Short text fragments from websites
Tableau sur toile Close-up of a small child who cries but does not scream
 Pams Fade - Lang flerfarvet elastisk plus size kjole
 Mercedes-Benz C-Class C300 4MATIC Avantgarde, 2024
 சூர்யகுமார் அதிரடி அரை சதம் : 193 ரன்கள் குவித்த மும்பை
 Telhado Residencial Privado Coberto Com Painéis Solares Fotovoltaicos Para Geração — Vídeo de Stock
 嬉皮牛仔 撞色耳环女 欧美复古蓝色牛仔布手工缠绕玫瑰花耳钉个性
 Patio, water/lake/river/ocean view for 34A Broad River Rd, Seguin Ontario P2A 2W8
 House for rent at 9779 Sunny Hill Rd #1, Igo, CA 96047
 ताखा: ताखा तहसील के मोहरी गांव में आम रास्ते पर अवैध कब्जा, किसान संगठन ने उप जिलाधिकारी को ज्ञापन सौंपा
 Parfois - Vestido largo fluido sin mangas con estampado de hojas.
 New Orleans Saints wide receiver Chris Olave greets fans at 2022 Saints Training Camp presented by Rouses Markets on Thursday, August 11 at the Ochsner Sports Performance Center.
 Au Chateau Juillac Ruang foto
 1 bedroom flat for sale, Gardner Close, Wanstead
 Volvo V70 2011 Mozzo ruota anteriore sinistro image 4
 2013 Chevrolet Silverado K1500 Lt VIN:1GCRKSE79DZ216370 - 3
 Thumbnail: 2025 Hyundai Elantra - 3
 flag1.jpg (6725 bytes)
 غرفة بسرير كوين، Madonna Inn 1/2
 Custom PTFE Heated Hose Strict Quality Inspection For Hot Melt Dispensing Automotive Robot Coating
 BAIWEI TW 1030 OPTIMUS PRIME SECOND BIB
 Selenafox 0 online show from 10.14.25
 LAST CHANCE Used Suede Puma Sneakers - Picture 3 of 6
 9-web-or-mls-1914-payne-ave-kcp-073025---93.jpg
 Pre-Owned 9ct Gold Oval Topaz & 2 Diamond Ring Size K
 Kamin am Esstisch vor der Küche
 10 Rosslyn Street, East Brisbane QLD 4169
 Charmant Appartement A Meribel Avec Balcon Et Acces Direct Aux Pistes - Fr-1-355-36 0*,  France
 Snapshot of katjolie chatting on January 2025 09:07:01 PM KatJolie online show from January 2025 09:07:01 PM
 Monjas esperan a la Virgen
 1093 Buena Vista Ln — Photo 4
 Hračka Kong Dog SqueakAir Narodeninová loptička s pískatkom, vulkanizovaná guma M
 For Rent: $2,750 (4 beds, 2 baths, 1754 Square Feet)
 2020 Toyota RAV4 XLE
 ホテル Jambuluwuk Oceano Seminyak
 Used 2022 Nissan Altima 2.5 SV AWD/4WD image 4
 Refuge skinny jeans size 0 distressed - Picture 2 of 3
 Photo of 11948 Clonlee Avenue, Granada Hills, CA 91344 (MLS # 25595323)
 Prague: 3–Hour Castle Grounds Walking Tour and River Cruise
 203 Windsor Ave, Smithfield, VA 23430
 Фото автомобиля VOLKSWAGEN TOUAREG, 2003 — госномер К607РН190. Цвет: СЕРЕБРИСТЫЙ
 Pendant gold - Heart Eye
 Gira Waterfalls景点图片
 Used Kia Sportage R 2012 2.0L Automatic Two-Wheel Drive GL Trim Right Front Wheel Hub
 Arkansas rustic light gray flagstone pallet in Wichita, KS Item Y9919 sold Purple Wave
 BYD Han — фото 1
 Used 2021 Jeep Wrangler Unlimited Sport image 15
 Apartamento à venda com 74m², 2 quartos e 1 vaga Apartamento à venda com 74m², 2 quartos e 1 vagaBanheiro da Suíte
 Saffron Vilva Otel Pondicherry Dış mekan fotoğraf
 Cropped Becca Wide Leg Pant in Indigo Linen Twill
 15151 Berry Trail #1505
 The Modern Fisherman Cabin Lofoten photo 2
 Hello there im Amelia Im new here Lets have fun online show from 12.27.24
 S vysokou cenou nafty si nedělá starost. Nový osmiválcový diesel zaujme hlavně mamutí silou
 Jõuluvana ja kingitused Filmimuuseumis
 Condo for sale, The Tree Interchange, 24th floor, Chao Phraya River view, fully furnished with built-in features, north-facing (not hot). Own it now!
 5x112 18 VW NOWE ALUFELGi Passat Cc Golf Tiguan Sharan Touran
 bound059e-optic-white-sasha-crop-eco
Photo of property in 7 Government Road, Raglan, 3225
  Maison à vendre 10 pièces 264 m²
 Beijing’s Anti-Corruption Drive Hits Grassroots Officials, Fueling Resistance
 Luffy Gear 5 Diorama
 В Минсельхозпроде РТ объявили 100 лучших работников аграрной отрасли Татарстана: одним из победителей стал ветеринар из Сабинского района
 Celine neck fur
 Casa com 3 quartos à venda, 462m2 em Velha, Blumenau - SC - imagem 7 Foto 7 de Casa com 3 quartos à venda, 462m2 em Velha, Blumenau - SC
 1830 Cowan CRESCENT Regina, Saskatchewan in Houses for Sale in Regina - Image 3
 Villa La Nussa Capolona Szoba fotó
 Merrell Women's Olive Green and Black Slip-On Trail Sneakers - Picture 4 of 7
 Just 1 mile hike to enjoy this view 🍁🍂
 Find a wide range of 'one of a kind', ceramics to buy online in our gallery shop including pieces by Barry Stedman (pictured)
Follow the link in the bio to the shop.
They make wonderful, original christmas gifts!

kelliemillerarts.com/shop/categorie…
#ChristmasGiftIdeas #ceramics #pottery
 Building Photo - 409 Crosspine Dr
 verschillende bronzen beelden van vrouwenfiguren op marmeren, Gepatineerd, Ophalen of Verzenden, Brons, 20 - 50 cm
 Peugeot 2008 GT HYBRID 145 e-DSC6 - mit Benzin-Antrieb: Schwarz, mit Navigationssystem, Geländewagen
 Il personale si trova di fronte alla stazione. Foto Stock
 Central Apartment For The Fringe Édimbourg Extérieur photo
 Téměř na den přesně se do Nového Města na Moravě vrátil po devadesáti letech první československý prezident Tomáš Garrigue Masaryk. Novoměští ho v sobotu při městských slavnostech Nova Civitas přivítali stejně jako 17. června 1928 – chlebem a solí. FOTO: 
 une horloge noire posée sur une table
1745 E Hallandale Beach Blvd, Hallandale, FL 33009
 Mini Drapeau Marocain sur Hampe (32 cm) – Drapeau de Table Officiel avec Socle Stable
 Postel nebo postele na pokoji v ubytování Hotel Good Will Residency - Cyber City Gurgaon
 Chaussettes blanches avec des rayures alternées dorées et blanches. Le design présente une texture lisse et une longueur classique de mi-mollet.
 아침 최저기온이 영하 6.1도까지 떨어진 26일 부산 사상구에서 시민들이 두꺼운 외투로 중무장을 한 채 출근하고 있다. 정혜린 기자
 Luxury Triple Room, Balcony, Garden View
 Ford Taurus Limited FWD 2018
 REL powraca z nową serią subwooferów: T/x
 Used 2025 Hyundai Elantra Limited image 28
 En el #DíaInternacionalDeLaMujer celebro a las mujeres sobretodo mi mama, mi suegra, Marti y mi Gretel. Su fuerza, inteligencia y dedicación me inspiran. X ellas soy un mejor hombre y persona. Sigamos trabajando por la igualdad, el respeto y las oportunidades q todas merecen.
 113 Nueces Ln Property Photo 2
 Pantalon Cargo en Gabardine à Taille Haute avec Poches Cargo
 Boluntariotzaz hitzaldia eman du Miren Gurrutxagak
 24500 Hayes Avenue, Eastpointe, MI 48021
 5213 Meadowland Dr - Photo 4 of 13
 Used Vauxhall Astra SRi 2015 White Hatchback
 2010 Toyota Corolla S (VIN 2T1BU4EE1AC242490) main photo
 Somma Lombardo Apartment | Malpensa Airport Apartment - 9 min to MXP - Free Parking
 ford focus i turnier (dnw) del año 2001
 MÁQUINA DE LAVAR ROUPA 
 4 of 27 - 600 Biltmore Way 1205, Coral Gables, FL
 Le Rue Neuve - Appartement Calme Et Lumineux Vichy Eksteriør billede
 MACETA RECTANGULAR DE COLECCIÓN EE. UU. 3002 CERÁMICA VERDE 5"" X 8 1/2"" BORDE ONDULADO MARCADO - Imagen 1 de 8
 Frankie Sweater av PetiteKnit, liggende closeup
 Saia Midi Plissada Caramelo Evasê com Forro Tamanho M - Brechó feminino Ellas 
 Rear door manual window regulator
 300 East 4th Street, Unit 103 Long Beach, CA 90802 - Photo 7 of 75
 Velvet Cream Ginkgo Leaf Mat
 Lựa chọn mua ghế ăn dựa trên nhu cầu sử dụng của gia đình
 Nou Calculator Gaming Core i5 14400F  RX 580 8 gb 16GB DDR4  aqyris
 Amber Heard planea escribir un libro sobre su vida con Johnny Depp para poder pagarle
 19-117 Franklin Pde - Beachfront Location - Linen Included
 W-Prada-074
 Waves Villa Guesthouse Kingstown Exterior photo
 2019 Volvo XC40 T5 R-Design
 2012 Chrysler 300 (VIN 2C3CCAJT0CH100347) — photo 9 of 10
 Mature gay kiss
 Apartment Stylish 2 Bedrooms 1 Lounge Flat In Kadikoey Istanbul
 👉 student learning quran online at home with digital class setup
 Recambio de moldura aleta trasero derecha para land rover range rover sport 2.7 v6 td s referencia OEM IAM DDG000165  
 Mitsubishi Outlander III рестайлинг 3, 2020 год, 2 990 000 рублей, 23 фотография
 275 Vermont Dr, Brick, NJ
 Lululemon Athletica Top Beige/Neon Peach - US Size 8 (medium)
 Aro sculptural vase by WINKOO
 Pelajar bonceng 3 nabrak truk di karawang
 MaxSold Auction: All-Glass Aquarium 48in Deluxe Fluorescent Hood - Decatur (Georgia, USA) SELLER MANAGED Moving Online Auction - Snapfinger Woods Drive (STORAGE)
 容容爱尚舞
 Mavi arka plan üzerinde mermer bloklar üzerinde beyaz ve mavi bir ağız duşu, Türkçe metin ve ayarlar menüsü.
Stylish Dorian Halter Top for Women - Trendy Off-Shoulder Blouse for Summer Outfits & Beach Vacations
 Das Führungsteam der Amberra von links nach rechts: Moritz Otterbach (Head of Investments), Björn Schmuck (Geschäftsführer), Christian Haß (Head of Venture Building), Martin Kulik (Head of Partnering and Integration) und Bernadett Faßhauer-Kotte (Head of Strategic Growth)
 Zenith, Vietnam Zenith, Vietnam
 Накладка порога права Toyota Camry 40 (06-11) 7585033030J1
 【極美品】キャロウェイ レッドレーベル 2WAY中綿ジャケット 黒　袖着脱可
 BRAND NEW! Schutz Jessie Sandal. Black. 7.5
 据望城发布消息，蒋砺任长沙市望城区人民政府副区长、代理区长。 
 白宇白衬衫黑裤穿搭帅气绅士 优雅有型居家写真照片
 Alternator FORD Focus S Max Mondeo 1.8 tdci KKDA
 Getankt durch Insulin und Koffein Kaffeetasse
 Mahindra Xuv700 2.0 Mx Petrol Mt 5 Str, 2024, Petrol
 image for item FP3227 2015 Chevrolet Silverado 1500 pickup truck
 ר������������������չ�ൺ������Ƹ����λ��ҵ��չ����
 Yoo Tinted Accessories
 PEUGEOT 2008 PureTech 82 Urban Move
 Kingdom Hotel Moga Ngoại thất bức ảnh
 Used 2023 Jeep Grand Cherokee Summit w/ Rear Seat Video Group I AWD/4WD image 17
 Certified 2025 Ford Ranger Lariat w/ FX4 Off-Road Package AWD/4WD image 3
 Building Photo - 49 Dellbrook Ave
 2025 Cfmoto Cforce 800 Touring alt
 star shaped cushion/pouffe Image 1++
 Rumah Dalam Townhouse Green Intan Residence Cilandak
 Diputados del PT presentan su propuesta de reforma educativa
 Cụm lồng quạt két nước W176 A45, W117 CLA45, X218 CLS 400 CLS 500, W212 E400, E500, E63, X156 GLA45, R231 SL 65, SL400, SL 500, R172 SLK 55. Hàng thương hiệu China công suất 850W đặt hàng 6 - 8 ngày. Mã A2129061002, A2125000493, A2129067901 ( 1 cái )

_Directions for this task:_
Count the lines above that include the string "Volvo". Write only the number.

_Result:_
2